→ Work item
Lines from the beginning of the data below through the one containing "a man standing next to a tree" are to be printed exactly as they appear.

→ Record extracts
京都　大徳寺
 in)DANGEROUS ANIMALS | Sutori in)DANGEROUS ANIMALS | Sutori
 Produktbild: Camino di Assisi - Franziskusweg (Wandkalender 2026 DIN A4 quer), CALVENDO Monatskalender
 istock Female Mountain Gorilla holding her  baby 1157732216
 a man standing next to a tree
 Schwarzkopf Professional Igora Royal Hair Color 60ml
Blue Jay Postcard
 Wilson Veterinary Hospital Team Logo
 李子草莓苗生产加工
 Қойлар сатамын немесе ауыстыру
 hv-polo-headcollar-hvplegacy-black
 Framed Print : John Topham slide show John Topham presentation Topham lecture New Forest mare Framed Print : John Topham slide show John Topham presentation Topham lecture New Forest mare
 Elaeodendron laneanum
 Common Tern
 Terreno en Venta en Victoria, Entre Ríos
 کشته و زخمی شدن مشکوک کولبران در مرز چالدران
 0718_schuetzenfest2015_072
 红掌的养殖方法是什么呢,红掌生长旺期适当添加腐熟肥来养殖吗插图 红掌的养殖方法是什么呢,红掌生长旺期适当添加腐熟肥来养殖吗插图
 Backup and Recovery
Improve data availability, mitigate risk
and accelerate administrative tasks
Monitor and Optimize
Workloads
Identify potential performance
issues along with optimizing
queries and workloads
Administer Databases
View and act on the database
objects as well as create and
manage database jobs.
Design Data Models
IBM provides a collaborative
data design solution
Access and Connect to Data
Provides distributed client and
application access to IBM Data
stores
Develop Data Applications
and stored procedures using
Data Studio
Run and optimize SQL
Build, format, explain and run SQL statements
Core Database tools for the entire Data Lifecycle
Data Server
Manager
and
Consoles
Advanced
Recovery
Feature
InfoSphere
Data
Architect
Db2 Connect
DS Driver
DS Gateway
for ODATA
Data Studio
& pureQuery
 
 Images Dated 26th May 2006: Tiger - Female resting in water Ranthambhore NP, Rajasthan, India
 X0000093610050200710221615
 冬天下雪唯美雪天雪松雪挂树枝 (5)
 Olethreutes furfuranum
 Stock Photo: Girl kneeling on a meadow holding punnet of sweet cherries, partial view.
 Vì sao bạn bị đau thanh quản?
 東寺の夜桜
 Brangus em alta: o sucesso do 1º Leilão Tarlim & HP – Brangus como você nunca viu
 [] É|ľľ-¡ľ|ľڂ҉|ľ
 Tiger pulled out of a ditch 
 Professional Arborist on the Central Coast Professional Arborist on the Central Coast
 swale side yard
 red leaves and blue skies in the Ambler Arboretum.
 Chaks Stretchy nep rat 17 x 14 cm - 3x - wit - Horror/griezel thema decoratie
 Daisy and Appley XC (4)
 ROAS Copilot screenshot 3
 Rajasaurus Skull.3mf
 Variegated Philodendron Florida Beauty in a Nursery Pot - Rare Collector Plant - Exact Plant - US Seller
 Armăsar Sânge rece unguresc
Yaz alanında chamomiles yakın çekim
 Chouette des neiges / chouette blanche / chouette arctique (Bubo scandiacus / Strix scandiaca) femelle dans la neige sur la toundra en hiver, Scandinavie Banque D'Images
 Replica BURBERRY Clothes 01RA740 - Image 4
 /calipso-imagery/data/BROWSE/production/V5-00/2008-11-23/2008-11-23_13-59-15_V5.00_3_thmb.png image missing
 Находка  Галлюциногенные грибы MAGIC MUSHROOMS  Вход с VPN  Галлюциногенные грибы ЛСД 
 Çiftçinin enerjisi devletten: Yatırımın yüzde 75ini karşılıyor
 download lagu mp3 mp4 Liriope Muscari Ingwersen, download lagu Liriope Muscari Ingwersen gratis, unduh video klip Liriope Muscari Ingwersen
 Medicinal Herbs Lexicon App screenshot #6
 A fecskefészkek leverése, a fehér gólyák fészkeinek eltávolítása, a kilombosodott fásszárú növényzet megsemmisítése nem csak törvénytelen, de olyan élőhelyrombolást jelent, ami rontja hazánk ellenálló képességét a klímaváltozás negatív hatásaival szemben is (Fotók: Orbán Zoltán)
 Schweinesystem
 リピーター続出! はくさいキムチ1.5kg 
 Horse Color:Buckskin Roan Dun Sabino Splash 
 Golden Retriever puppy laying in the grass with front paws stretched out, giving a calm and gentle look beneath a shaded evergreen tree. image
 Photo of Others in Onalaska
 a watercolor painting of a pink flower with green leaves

→ Task answer
京都　大徳寺
 in)DANGEROUS ANIMALS | Sutori in)DANGEROUS ANIMALS | Sutori
 Produktbild: Camino di Assisi - Franziskusweg (Wandkalender 2026 DIN A4 quer), CALVENDO Monatskalender
 istock Female Mountain Gorilla holding her  baby 1157732216
 a man standing next to a tree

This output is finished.